Surrounded by Vikings fans and construction workers in his third-floor office of City Hall, Minneapolis Mayor R.T. Rybak gulped Grain Belt beer from a Viking horn before being awarded “rock star” by Vikings crazies.
For Rybak, getting a majority of his 13-member City Council to support a $678 million city subsidy for a new stadium had been a long and winding road.
“This has been a bruising fight,” Rybak said. “I feel in my gut a little like I imagine the Vikings feel after a win. You’re happy you won, but you’ve got to go sit in the hot tub and take care of the bruises for a little bit.”
On May 25, seven City Council members voted in favor of the deal, arguing that the measure would put construction workers back on the job, make an important investment in downtown and finally secure funding for the Target Center.
The debate lasted two days and roughly seven hours. Tears were shed on both sides of the issue.
Though outnumbered heavily by fans and union workers, opponents of the deal held signs reminding council members to obey the City Charter and not to give out corporate welfare. One woman, in the middle of the debate, shouted “let the people speak” before being escorted from the Council Chambers by security.
Rybak will appoint two members to a five-member stadium authority charged with overseeing the planning of the new stadium. Construction is expected to start in 2013 in order to have the new stadium open by 2016.
The political fallout from the deal is still undetermined. It’s likely to be a campaign issue when all 13 City Council members and the mayor are up for re-election in November 2013.
Opponents of the deal made harsh remarks about their pride in serving on the City Council and their view of a DFL party that would push forward a bill that will subsidize wealthy team owner Zygi Wilf.
“I do not want to be a part of a DFL party, for sure, after what happened at the Legislature, and a group of people in the city who have pushed forward the largest public subsidy in the state and city’s history,” said Lisa Goodman (Ward 7).
Goodman is a hardened City Council veteran who, as chair of the city’s Community Development Committee, is used to playing hardball with city developers. She was crying when she spoke out against the stadium deal.

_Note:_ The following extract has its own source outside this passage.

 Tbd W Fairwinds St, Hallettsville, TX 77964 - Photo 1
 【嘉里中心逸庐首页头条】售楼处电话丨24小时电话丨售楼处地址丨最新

Gary Schiff (Ward 9) has been the most vocal of stadium critics, and he urged active stadium opponents to hold the City Council accountable for its stadium votes.
“Your voices are more important that ever in the next year ahead to hold this body accountable and to demand a real democracy and a fair economic investment from the city of Minneapolis,” Schiff said. “And that’s the only way we’re going to get the change we need.”
Dave Bicking of the Corcoran neighborhood has been fighting the stadium deal for six years. He also fought the Target Field deal and helped campaign against Hennepin County commissioners who voted for that stadium.
He’s not so sure council members will be held accountable, and, even if they aren’t re-elected, the new members won’t be better.
“Several of the council members who voted for this campaigned and were against stadiums and corporate welfare at the time they were elected,” Bicking said. “So what do we do, throw them out and elect some other people who promise they won’t do this? We’ll wind up with the same result, and that’s the same result we’ve wound up [with] decade after decade.”
Financials of the deal gain clarity
Five days before the Council was scheduled to vote on the stadium, Betsy Hodges (Ward 13) called for a meeting in her Budget Committee to discuss the financials of the deal. Hodges, an opponent of the deal, conceded that her colleagues would approve the measure, but wanted to give council members a chance to dig deeper into the details.
The city’s chief financial officer, Kevin Carpenter, gave the committee four pages of financial information, including a spreadsheet that projected sales tax revenue for the next 33 years and how that money would be spent on the Vikings stadium, Target Center and the Minneapolis Convention Center.
Between 2013 and 2046, the city will spend just short of $2.7 billion to build a new Vikings stadium, to renovate and pay off the Target Center and to maintain, operate, market and pay off the Minneapolis Convention Center.
Of that $2.7 billion number, $678 million will go toward a Vikings stadium, $480 million will go toward the Target Center and $1.53 billion will go toward the Convention Center.
Most of the money for those public facilities would come from a half percent citywide sales tax as well as liquor, lodging and restaurant taxes downtown.
The city will be able to charge sales tax on Vikings tickets in the new stadium, which Carpenter said would bring in $1.5 million to $2 million annually to the city’s general fund. The Metrodome was exempt from city ticket taxes.
Rybak said the financing plan leaves $60 to $70 million for a Target Center renovation, which was most recently estimated to cost $135 million. Rybak said he would begin negotiating that deal with the Wolves and AEG as soon as the deal passed.
How they voted
Voting in favor of the stadium deal: council members Barb Johnson, Don Samuels, Kevin Reich, Diane Hofstede, Meg Tuthill, John Quincy and Sandy Colvin Roy.
Voting against the stadium deal: council members Cam Gordon, Lisa Goodman, Robert Lilligren, Betsy Hodges, Elizabeth Glidden and Gary Schiff.